● Data for review
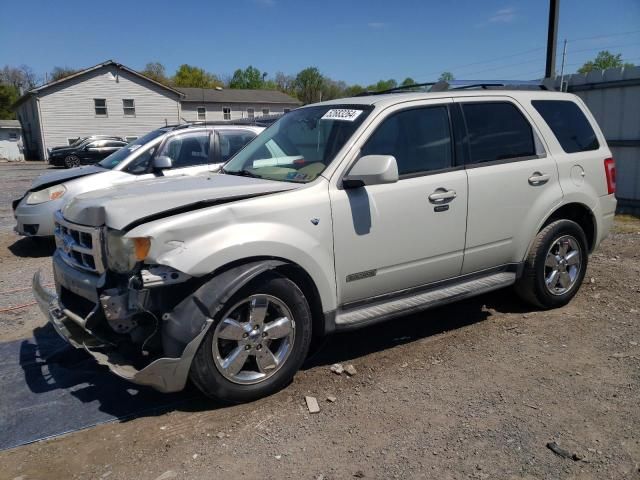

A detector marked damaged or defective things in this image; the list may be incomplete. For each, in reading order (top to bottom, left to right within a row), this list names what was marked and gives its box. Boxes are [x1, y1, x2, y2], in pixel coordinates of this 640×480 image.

broken headlight [107, 230, 152, 274]
damaged white suv [33, 82, 616, 402]
bent bumper [31, 270, 210, 394]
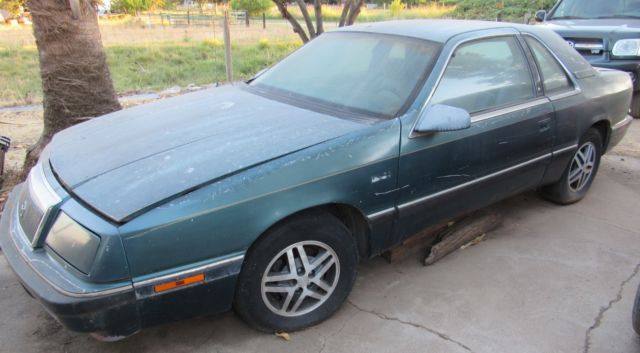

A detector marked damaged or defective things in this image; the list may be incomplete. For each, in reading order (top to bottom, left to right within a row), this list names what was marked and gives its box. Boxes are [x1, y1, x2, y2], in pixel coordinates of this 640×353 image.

cracked concrete slab [1, 121, 640, 352]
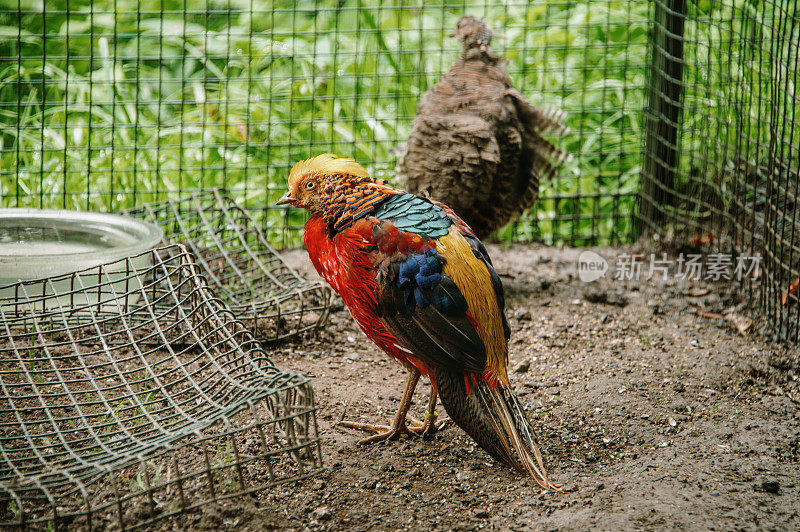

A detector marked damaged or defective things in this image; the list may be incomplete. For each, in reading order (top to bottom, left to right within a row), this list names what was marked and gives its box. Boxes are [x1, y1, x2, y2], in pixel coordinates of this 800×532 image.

rusty metal wire [0, 244, 322, 528]
rusty metal wire [123, 189, 330, 342]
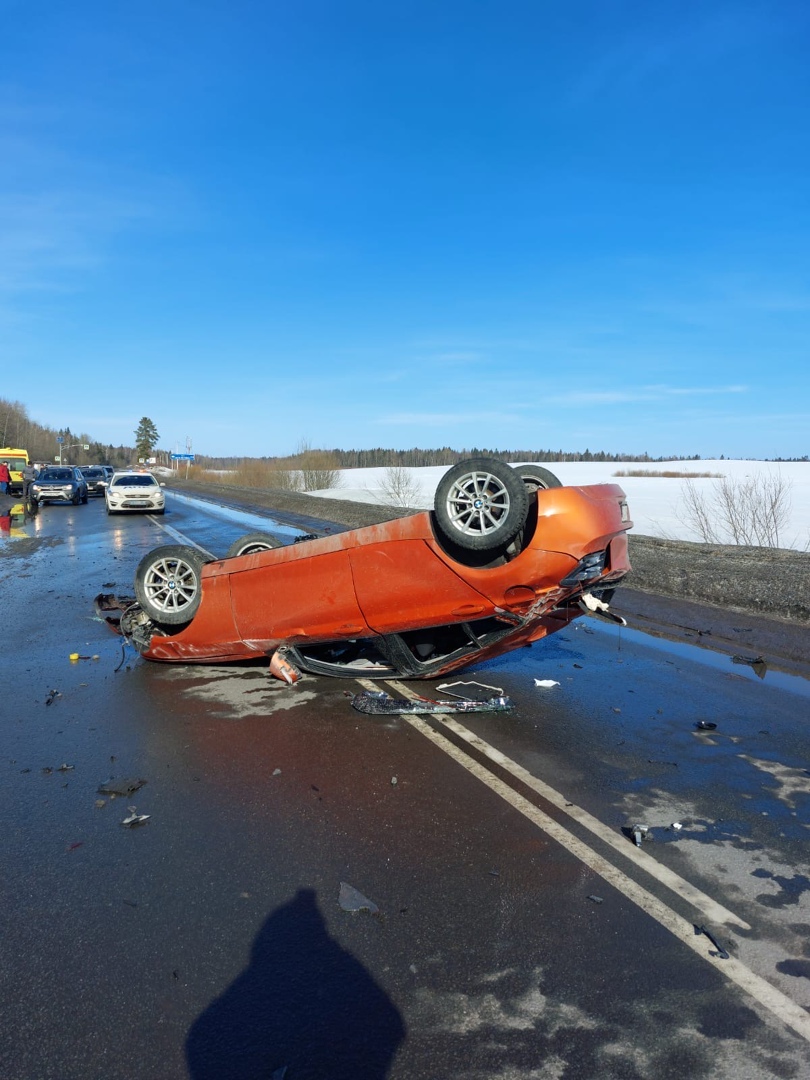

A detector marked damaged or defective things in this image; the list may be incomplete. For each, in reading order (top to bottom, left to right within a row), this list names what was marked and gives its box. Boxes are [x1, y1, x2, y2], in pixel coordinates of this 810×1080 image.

rear wheel of overturned car [516, 466, 561, 494]
front wheel of overturned car [516, 466, 561, 494]
rear wheel of overturned car [434, 457, 529, 552]
front wheel of overturned car [434, 457, 529, 552]
rear wheel of overturned car [225, 531, 282, 557]
front wheel of overturned car [225, 531, 282, 557]
overturned orange car [117, 457, 630, 678]
front wheel of overturned car [135, 548, 207, 626]
rear wheel of overturned car [135, 548, 207, 626]
broken plastic debris [349, 691, 514, 717]
broken plastic debris [99, 781, 147, 799]
broken plastic debris [121, 807, 151, 829]
broken plastic debris [341, 881, 382, 915]
broken plastic debris [695, 924, 734, 959]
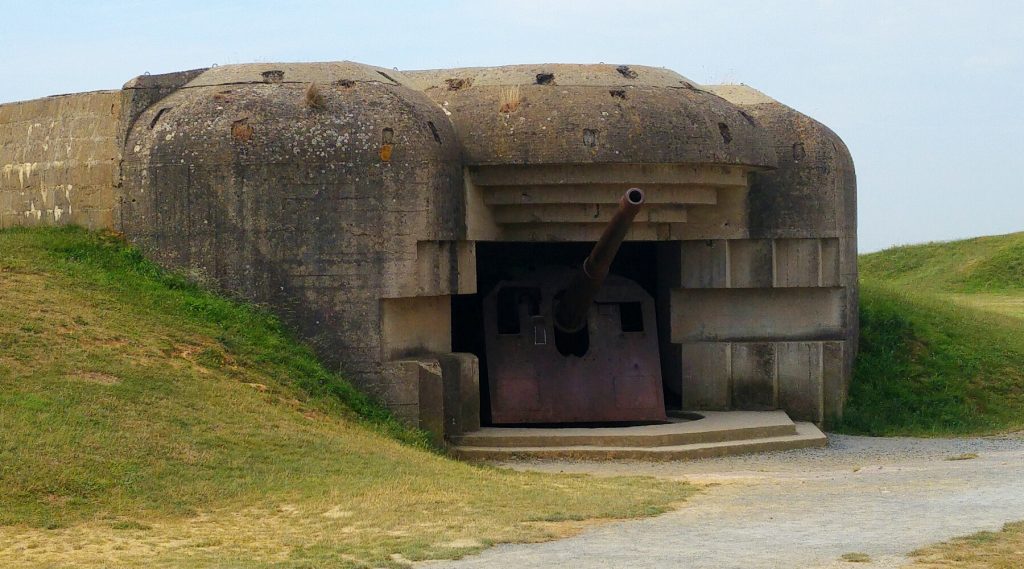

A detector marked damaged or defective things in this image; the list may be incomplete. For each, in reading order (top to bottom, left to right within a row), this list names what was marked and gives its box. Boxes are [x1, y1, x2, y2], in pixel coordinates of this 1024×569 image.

● Aim of the task
Give again, word for word, only the lines from the line containing "this 640×353 image." through the last line above, both included; leave the pictures out.

● Completed exercise
A detector marked damaged or defective things in this image; the list may be incomplete. For each, in reading order (top to bottom, left to right within a row), this list names what was marked and gives its box. Boxes are [x1, y1, x2, y2], in pixel coordinates of this 640×353 image.

cracked concrete slab [1, 121, 640, 352]

A detector marked damaged or defective things in this image; the list may be incomplete. For each, in reading order (top to bottom, left to right within a row), this list names what was marked and gives its box. Boxes are [x1, y1, x2, y2], in pixel coordinates of this 800×532 image.

rusty metal wire [0, 244, 322, 528]
rusty metal wire [123, 189, 330, 342]

A detector marked damaged or defective things in this image; the list may be incomplete. For each, in reading order (top to bottom, left to right within a row), this list names what was marked and gives its box. Boxes are [x1, y1, x2, y2], in pixel coordinates of this 810×1080 image.

rear wheel of overturned car [516, 466, 561, 494]
front wheel of overturned car [516, 466, 561, 494]
rear wheel of overturned car [434, 457, 529, 552]
front wheel of overturned car [434, 457, 529, 552]
rear wheel of overturned car [225, 531, 282, 557]
front wheel of overturned car [225, 531, 282, 557]
overturned orange car [117, 457, 630, 678]
front wheel of overturned car [135, 548, 207, 626]
rear wheel of overturned car [135, 548, 207, 626]
broken plastic debris [349, 691, 514, 717]
broken plastic debris [99, 781, 147, 799]
broken plastic debris [121, 807, 151, 829]
broken plastic debris [341, 881, 382, 915]
broken plastic debris [695, 924, 734, 959]

A detector marked damaged or defective things in this image; the list may be incomplete. For each, in reading order (top to bottom, left to right within a row), this list names what was marked and gives its box. Boxes are [x1, y1, x2, y2], in pixel coordinates of this 1024×569 image.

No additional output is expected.